Give back the entries exactly, ending with the "24Pcs Passover Rubber" line.

- - - - -

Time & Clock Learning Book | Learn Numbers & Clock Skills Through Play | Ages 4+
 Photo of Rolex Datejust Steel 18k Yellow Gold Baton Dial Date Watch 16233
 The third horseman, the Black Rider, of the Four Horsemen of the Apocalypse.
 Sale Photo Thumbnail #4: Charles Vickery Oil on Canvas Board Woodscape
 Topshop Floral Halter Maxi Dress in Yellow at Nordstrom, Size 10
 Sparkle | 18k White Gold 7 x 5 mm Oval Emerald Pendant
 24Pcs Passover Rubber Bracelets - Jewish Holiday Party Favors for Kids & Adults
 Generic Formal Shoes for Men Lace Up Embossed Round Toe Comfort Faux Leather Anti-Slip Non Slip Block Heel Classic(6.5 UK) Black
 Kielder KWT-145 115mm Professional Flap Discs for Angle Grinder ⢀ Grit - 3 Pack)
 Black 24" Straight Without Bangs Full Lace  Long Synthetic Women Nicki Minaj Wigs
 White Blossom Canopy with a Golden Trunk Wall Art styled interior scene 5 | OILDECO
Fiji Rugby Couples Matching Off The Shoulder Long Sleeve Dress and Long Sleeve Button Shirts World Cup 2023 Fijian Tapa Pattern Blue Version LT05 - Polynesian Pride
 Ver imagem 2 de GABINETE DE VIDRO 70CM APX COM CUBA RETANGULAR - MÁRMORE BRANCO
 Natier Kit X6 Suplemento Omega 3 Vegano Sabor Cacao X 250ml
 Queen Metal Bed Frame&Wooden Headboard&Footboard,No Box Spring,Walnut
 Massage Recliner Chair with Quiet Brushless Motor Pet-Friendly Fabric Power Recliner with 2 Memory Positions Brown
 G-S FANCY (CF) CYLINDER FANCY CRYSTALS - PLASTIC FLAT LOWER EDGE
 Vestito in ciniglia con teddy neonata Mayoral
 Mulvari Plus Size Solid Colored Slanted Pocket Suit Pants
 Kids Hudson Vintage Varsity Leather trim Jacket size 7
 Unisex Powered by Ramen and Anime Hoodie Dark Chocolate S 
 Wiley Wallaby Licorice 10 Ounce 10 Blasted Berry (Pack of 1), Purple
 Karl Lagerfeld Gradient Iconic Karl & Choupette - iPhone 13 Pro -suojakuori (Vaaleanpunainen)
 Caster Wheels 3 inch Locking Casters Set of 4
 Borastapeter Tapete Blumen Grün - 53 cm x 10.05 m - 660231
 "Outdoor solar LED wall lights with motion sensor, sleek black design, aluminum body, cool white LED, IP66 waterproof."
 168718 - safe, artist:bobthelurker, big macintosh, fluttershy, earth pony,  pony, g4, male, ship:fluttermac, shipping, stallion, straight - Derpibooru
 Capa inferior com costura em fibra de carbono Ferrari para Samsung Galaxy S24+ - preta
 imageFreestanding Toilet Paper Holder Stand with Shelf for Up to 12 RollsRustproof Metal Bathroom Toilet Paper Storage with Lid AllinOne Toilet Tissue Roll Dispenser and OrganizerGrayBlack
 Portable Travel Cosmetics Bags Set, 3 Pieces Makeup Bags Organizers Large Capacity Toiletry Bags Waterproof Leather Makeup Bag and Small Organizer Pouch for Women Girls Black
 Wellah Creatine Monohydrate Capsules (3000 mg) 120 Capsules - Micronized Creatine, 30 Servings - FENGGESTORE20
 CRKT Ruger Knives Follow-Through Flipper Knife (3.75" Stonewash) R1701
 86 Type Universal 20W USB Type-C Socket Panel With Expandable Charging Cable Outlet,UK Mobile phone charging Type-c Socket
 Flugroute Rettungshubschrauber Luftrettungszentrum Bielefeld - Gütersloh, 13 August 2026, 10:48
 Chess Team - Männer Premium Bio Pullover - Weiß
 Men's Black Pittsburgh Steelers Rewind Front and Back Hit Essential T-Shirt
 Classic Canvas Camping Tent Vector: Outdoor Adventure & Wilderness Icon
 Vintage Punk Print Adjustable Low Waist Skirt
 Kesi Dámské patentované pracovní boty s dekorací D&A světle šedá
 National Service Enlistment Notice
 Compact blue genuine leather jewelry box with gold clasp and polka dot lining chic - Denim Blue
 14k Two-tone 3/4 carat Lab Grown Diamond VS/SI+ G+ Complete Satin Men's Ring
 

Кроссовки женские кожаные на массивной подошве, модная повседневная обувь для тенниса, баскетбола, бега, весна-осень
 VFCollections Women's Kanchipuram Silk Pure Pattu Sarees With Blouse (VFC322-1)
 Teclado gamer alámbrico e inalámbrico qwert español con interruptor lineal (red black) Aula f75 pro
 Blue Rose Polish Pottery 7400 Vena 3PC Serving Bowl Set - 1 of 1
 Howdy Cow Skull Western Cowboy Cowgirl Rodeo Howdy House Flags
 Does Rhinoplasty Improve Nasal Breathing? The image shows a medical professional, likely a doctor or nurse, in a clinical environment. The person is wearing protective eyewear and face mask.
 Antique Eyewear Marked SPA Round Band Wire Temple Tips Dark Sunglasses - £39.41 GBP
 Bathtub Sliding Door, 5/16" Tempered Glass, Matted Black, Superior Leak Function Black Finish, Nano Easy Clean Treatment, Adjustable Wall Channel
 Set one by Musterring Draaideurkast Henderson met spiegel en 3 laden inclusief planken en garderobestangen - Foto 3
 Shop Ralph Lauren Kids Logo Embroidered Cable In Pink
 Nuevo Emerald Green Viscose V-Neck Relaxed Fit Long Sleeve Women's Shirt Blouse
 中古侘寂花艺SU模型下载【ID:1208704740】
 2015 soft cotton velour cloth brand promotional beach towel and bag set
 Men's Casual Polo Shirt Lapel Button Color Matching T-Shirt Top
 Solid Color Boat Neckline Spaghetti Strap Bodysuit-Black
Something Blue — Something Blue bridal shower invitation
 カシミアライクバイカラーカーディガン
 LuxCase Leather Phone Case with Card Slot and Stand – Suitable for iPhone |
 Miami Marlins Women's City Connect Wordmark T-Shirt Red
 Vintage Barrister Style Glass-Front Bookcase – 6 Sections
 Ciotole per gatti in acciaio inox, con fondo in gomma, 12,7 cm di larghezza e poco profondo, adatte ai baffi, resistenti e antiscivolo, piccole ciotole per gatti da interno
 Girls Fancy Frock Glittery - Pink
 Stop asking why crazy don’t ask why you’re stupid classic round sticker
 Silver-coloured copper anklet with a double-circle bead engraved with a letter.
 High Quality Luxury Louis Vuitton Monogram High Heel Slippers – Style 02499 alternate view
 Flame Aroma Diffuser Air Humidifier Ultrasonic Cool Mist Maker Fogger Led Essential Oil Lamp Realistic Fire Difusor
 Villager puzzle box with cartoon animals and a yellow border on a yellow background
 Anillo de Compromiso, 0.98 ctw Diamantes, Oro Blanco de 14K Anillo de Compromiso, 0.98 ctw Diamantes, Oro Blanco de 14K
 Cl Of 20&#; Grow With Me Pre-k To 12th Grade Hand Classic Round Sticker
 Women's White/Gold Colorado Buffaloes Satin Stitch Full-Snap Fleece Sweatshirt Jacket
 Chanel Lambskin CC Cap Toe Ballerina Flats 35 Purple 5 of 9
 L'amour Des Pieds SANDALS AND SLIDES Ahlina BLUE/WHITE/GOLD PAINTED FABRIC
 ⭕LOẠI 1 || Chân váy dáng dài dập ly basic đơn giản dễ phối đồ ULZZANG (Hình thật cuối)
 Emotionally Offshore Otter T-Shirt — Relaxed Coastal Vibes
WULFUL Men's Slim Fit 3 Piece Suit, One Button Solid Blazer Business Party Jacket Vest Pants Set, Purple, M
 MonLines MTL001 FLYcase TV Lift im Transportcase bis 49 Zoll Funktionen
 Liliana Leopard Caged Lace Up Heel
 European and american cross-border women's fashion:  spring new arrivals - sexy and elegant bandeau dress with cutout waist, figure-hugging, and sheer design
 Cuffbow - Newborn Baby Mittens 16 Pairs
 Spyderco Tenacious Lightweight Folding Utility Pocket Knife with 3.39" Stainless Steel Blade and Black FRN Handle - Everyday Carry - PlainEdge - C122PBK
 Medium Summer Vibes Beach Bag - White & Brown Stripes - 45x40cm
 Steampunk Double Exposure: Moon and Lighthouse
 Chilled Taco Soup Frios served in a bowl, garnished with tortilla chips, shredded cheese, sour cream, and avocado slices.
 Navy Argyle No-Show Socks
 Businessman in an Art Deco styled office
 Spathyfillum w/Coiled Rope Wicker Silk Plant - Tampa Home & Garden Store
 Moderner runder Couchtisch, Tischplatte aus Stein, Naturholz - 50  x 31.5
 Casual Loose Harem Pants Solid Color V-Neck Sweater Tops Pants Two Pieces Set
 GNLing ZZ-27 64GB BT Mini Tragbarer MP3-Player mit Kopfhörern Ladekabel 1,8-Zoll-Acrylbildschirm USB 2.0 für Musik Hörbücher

- - - - -

Output of the exercise –
Time & Clock Learning Book | Learn Numbers & Clock Skills Through Play | Ages 4+
 Photo of Rolex Datejust Steel 18k Yellow Gold Baton Dial Date Watch 16233
 The third horseman, the Black Rider, of the Four Horsemen of the Apocalypse.
 Sale Photo Thumbnail #4: Charles Vickery Oil on Canvas Board Woodscape
 Topshop Floral Halter Maxi Dress in Yellow at Nordstrom, Size 10
 Sparkle | 18k White Gold 7 x 5 mm Oval Emerald Pendant
 24Pcs Passover Rubber Bracelets - Jewish Holiday Party Favors for Kids & Adults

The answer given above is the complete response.